Son günlerde akaryakıta gelen ÖTV zamları ve elektrik, doğal gaz, gıda maddelerine gelen zamlar nedeniyle halk büyük bir geçim sıkıntısı yaşıyor.
Peş peşe gelen zamlar alım gücünü günden güne düşürüyor. İnsanların çoğu artık mutfaklarında tencere kaynatmakta zorlanırken, çöpten yiyecek artığı, pazarlardan da pazar artığı toplamak zorunda kalıyor. Pazara markete gitmekte zorlanıyor.
Evlerde tencere kaynamamasının en büyük nedenlerinin başında işsizlik geliyor. Halkımız işsizlikten adeta kırılıyor. Coronavirüs salgınıyla birlikte geçim sıkıntısı, işsizlik, ekonomik kriz ülkemizin gündemine oturmuş durumda. Bu durumdan etkilenmeyen neredeyse hiçbir kesim yok.
Bu krizden en fazla etkilenenlerin başında esnaf, çiftçi, işçi ve emekliler geliyor.2020 yılında 99 bin 588 esnaf dükkanını, işyerini kapatmış durumda. İktidardan tatmin edici, ciddi destek bekleyen esnafa sadece kredi verilerek borçlarına borç eklendi. Borçlarını ödemekte zorlanan, ya da ödeyemeyen esnaf işyerini kapatmanın eşiğine geldi.

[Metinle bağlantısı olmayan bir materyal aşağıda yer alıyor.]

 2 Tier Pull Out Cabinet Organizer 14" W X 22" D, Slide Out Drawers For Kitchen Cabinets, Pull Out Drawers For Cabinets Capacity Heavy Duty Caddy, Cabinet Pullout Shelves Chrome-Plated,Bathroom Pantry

Çiftçinin durumu da esnaftan pek farklı değil. Çiftçi kuraklıkla uğraşmak bir yana, mazota, tohuma ve gübreye son bir yılda gelen yüzde 100’e yakın zamla maliyet artışıyla boğuşurken, borçları nedeniyle tarlası traktörü icraya düşmüş durumda. Girdilerin yüksekliği nedeniyle çiftçi ürettiği malını maliyetinin altında satmak zorunda kalıyor. Zaten üretmekte zorlanan çiftçi tüm bu olumsuzluklar karşısında üretimden soğumakta çareyi tarımı terk etmekte buluyor.

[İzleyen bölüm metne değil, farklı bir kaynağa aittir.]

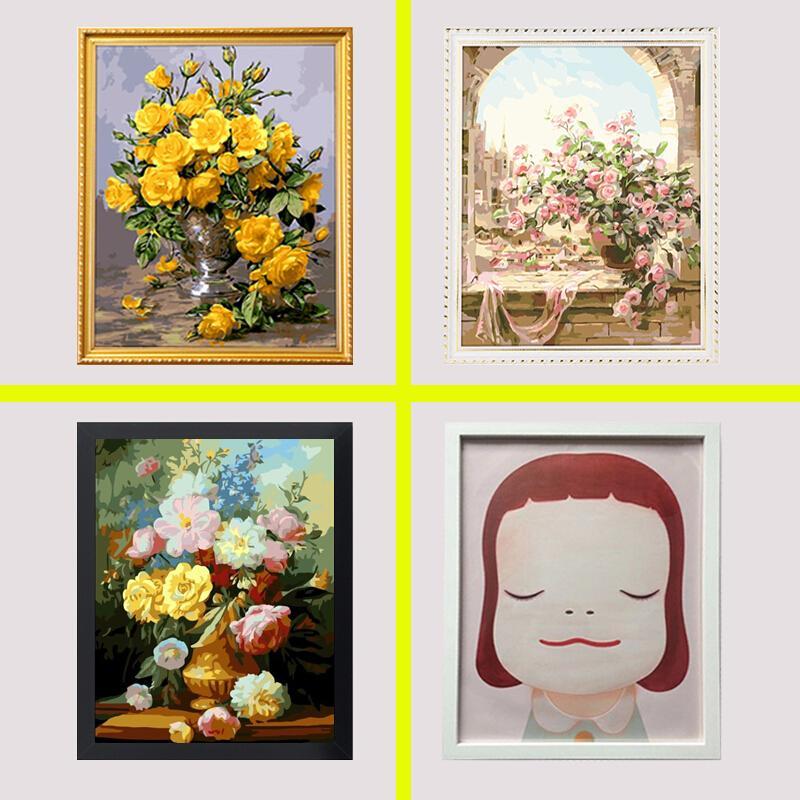 diy数字油画客厅花风景动漫人物填充手绘填色手工油彩装饰画乳白色G006水墨舞蹈60*75送外框[颜色备注]画板+颜料+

Çiftçi ve esnafımız bu zorluklarla uğraş verirken hayat pahalılığı yüzünden yaşam savaşı veren halkın durumu da bunlardan pek farklı değil. Kısıtlı imkanlarla çarşıya pazara çıkan halk pazar çantasını doldurmakta zorlanıyor. Bazı ürünlerde yüzde 100’ü aşan fiyat artışları vatandaşı canından bezdirmiş durumda. Zamlara tepki gösteren halk “Marketlerde fiyatları sürekli artan ürünlerin yanına yaklaşmak mümkün değil. Eskiden 50-100 liraya doldurduğumuz çantaları şimdi 300-400 liraya zor dolduruyoruz Paramızın hiç değeri kalmadı. Kilo ile değil gramla almak zorunda kalıyoruz. Artık pazara, marketlere gitmeye korkar olduk. Evlerimizde tencerelerimizi nasıl kaynatacağız diye kara kara düşünüyoruz” diye tepkilerini ortaya koyuyor.

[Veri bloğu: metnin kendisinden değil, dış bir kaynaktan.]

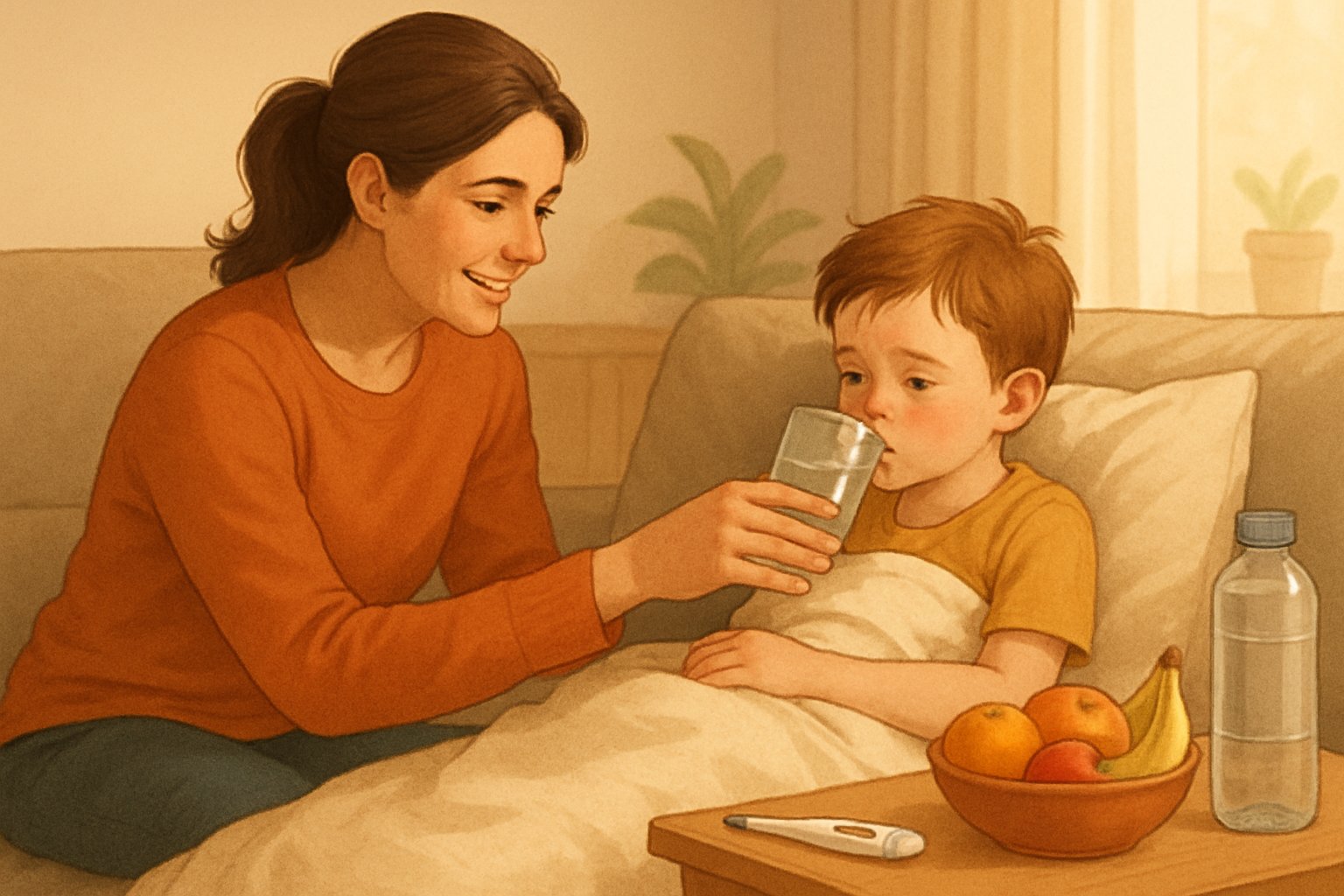 Ateşi olan çocuğa evde sıvı veren bir ebeveynin bulunduğu sakin ve rahat bir oda.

Tüm bunlarla birlikte ülkemizde işsizlik oranları da her geçen gün artıyor. İşsizlik son yılların zirvesine çıkmış durumda. Resmi verilere göre işsiz sayısı bir yıl içinde bir milyona yakın bir artışla 4 milyon 650 bin kişiye ulaşmış durumda. İşsizliğe bağlı olarak sanayide de bir daralma söz konusu. Buna bağlı olarak üretim düşerken, yoksullukta da büyük artış yaşanıyor.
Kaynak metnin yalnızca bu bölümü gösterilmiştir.